Die Rheintalbahn ist bei Rastatt eine Großbaustelle Foto: dpa

Die Rastatter Bahn-Panne deckt jahrzehntelange Versäumnisse in der Verkehrspolitik auf, kommentiert Frank Schwaibold.

Stuttgart - Ein eingebrochener Tunnel, verbogene Gleise und ein Ende nicht in Sicht: Die Panne auf der Rheintalstrecke weitet sich für die Deutsche Bahn zu einem düsteren Kapitel aus. Kaum besser steht das Bundesverkehrsministerium da. Die immensen Folgen der nun mindestens achtwöchigen Sperrung der Rheintalbahn zeigen gnadenlos jahrzehntelange Versäumnisse der deutschen Verkehrspolitik auf.

Fakt ist: Die Rheintalbahn ist die wichtigste Nord-Süd-Verbindung zwischen den Seehäfen Rotterdam und Genua und damit auch für die neue Alpentransversale (Neat) samt neuem Gotthard-Tunnel. Schon kurz nach der Sperrung bei Rastatt lief es schlecht. Unmittelbar Betroffene erfuhren teilweise aus der Presse vom Desaster.

Die Bürgermeisterriege von Baden-Baden beschwerte sich ebenso wie das Schweizerische Bundesamt für Verkehr. Abgesehen davon, dass die Informationspolitik der Bahn nicht rund lief, zeigt sich ein noch viel größeres Problem: Die Güterzüge, die zwei Monate lang die gesperrte Strecke nicht befahren können, quälen sich jetzt mit viel Verspätung über unzureichende Umleitungsstrecken.

Die Gäubahn als Exempel

Denn diese Strecken sind entweder nicht elektrifiziert oder nur eingleisig – im schlimmsten Fall beides. Exemplarisch zeigt sich dies an der Strecke Singen-Stuttgart (Gäubahn). Da die Gäubahn derzeit zwischen Herrenberg und Böblingen wegen Sanierungsarbeiten ebenfalls voll gesperrt ist, werden die eh schon umgeleiteten Züge in Horb ein weiteres Mal umgelenkt. Statt über die Gäubahn direkt nach Stuttgart fahren zu können, biegen sie nach Tübingen ab und nehmen am Neckar entlang eine Schleife bis Plochingen.

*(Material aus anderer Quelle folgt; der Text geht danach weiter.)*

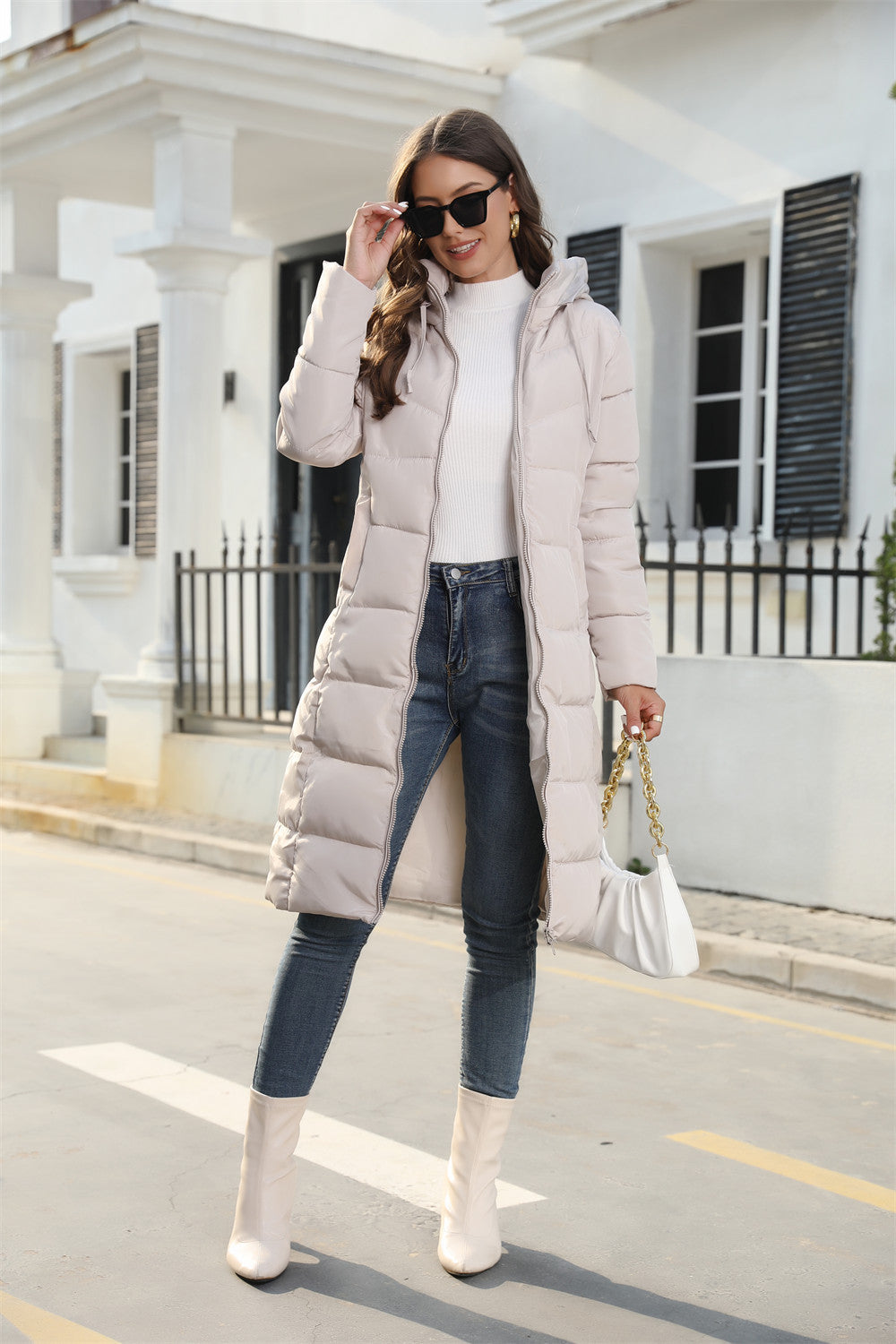 Winter hooded women's cotton coat women's mid-length slim cotton jacket warm down cotton jacket women's clothing coat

Da die Strecke Horb-Tübingen nicht elektrifiziert ist, muss dort sogar noch eine Diesellok vorgespannt werden. Für die Anwohner entlang der sogenannten Neckar-Alb-Bahn heißt das: mehrere Wochen zusätzlicher Zuglärm. Vom 5. September an, wenn die Sanierung zwischen Herrenberg und Böblingen beendet ist, trifft es dann die Gäubahn-Anlieger.

Bahn fährt lange am Limit

All dies zeigt: Die Bahn fährt seit Jahrzehnten am Limit. Aufgrund des Sparkurses unter dem früheren Bahnchef Hartmut Mehdorn wurden mit Zustimmung des Bundesverkehrsministers viele Gleise und Weichen abgebaut. Wenn es dann zu einer Streckensperrung kommt, gibt es – anders als beim Straßennetz – kaum Ausweichmöglichkeiten. Andere Länder wie die Schweiz, Österreich oder die Niederlande haben eine bessere Infrastruktur. Deshalb gilt es mehr denn je, die Sünden der Vergangenheit in Deutschland so rasch wie möglich zu korrigieren.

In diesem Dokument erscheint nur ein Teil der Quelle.